Source data:
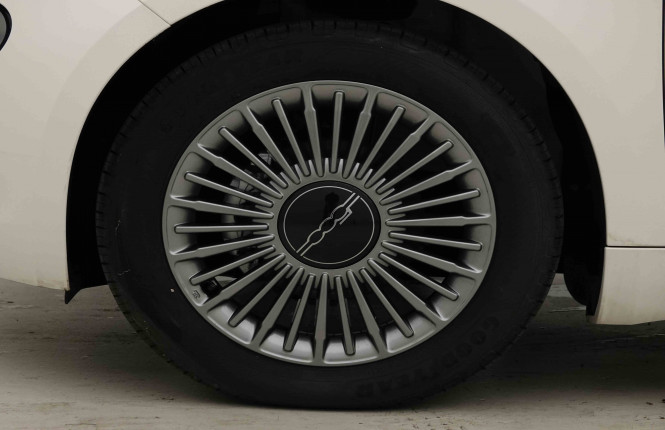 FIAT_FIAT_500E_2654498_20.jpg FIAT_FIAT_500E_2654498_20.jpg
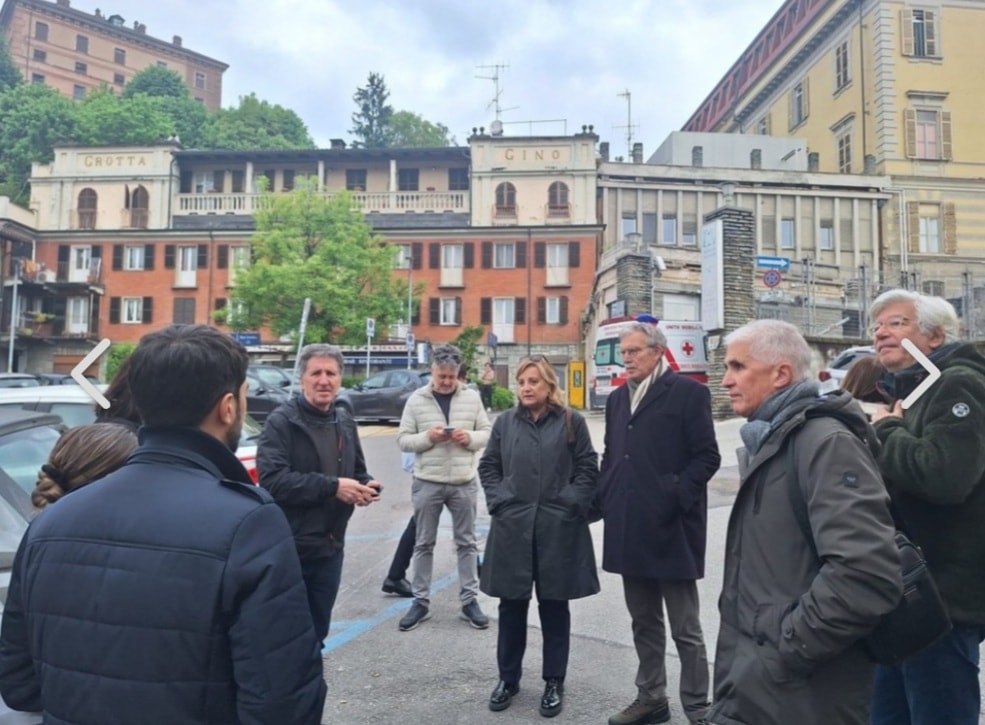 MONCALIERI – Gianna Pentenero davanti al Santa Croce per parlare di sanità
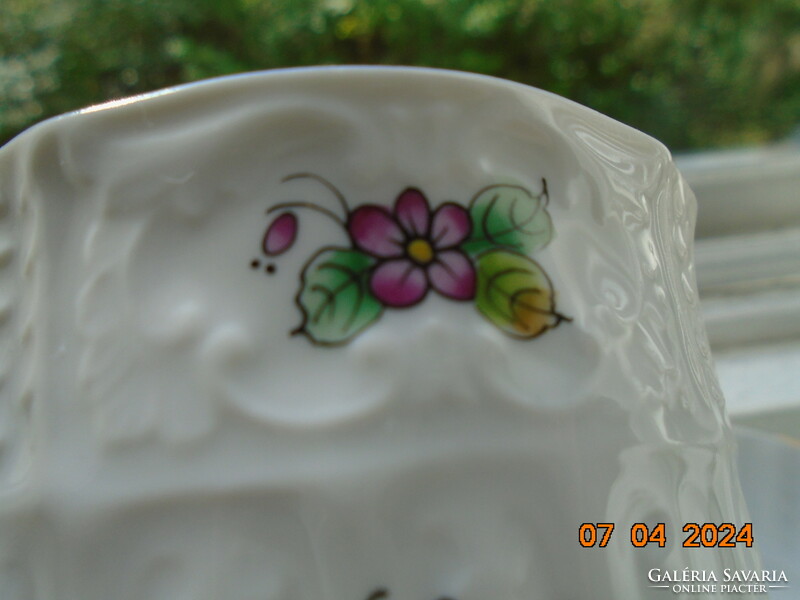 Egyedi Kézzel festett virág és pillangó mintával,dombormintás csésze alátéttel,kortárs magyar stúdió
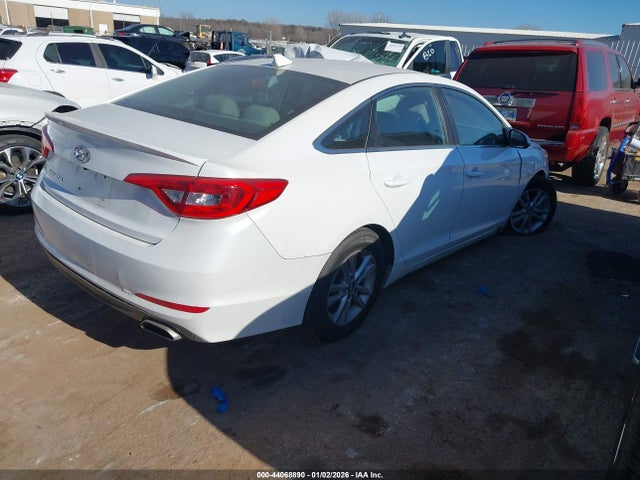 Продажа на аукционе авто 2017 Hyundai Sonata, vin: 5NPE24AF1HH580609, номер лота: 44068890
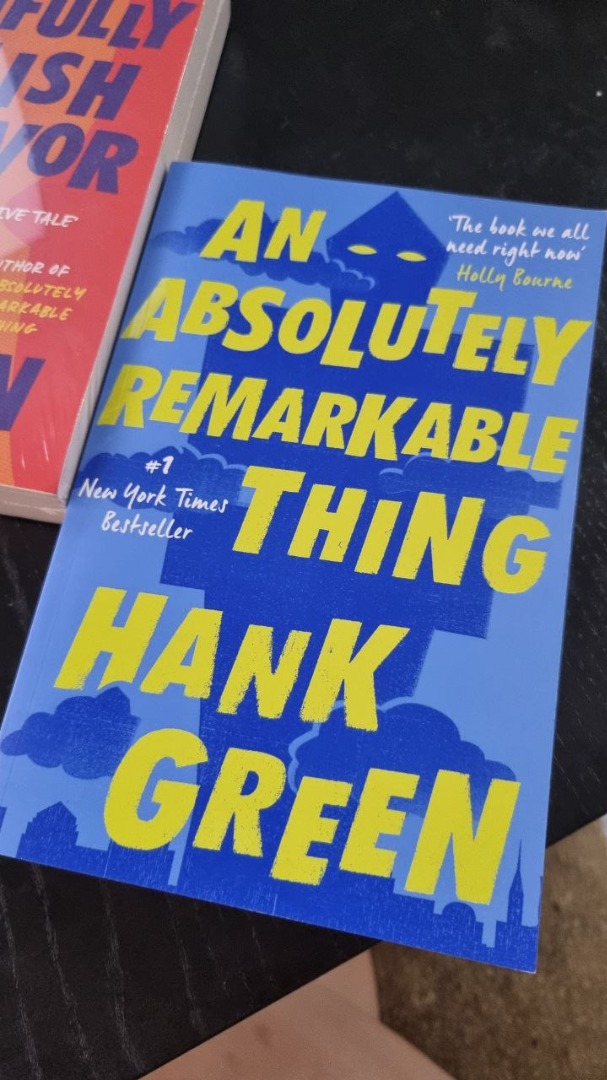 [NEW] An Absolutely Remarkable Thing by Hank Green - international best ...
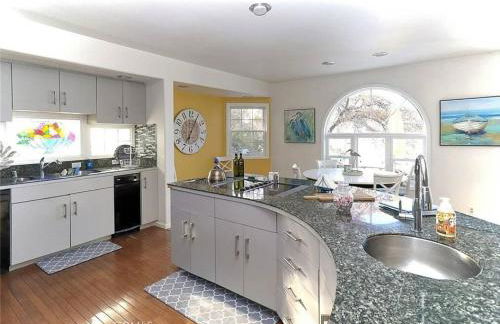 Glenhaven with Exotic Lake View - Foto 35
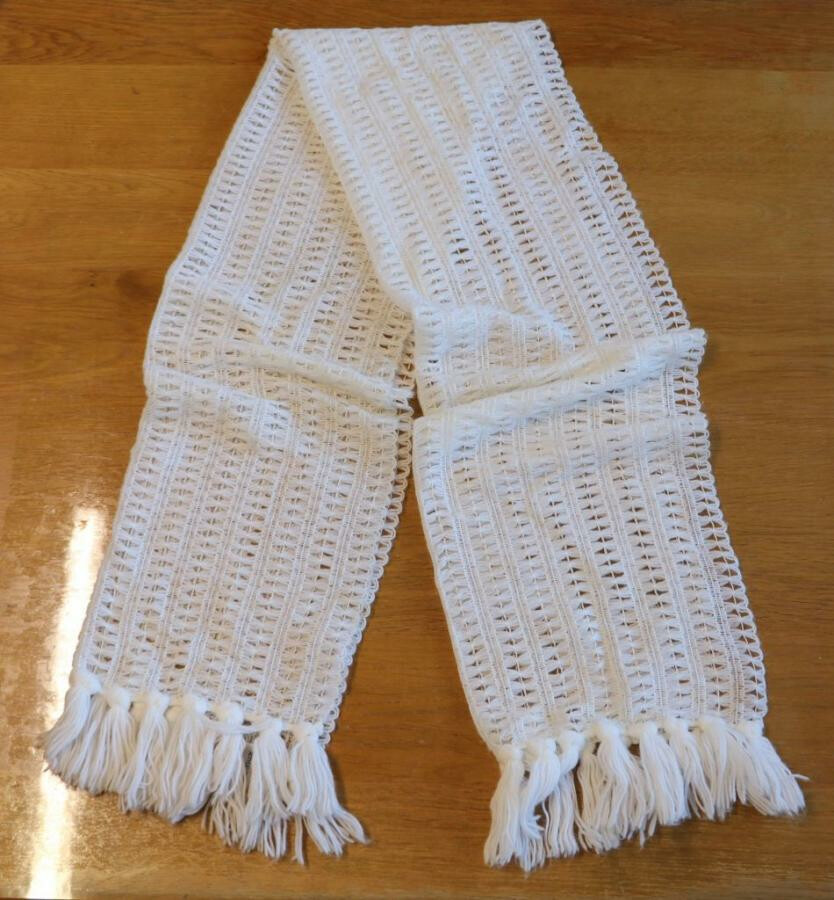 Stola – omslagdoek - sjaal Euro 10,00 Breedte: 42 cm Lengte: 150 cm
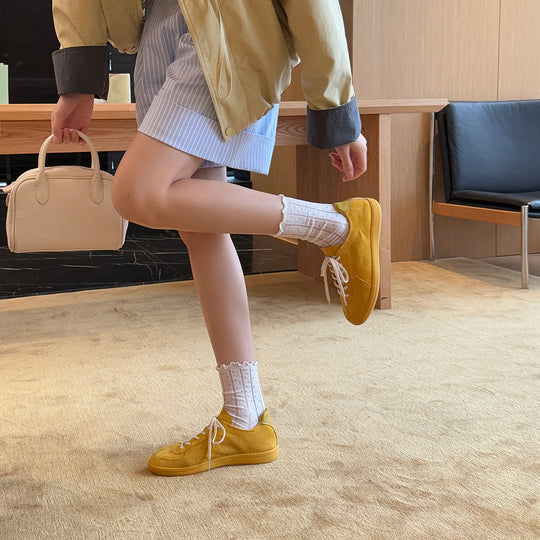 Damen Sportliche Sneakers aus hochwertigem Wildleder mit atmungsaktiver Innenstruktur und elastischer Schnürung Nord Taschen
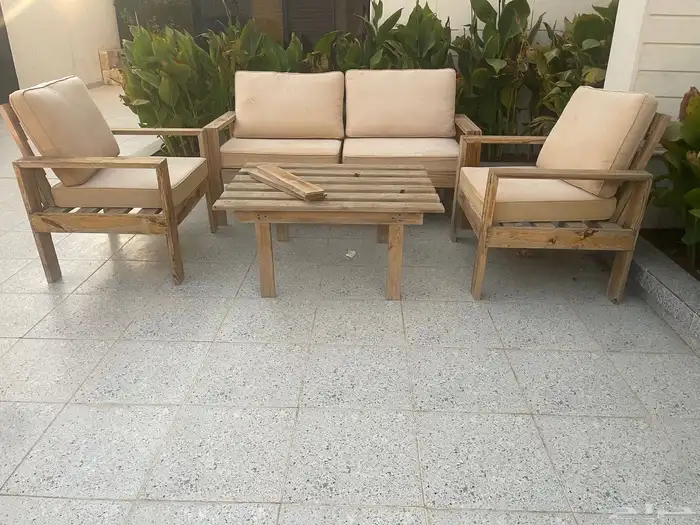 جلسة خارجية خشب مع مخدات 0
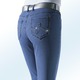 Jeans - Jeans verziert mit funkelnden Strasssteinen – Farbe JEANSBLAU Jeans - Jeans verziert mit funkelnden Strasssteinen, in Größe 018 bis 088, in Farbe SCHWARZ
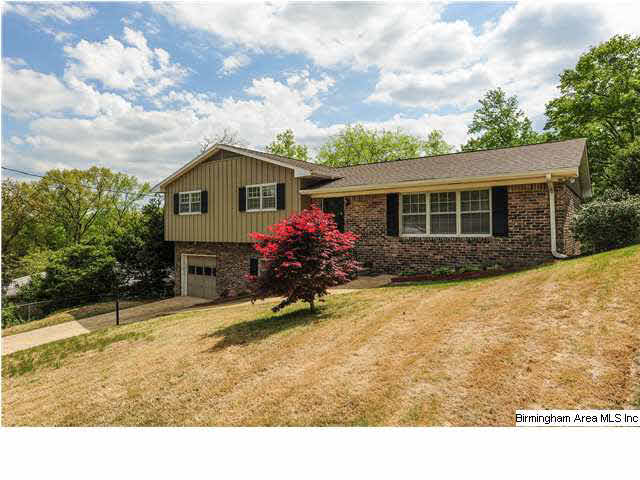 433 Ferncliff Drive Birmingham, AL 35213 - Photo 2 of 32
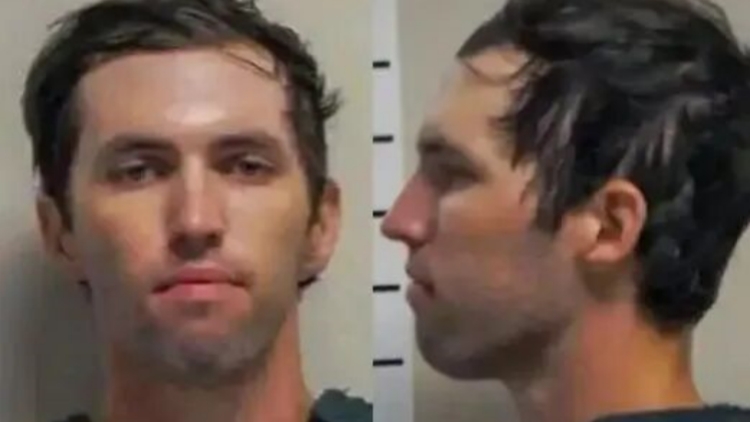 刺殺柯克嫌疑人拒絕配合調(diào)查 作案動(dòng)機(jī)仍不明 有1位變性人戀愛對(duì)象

Task brief:
Each line from the one containing "[NEW] An Absolutely" through the final line of the data must be reproduced exactly, both ends included, with no pictures in the copy.

Solution to this problem:
 [NEW] An Absolutely Remarkable Thing by Hank Green - international best ...
 Glenhaven with Exotic Lake View - Foto 35
 Stola – omslagdoek - sjaal Euro 10,00 Breedte: 42 cm Lengte: 150 cm
 Damen Sportliche Sneakers aus hochwertigem Wildleder mit atmungsaktiver Innenstruktur und elastischer Schnürung Nord Taschen
 جلسة خارجية خشب مع مخدات 0
 Jeans - Jeans verziert mit funkelnden Strasssteinen – Farbe JEANSBLAU Jeans - Jeans verziert mit funkelnden Strasssteinen, in Größe 018 bis 088, in Farbe SCHWARZ
 433 Ferncliff Drive Birmingham, AL 35213 - Photo 2 of 32
 刺殺柯克嫌疑人拒絕配合調(diào)查 作案動(dòng)機(jī)仍不明 有1位變性人戀愛對(duì)象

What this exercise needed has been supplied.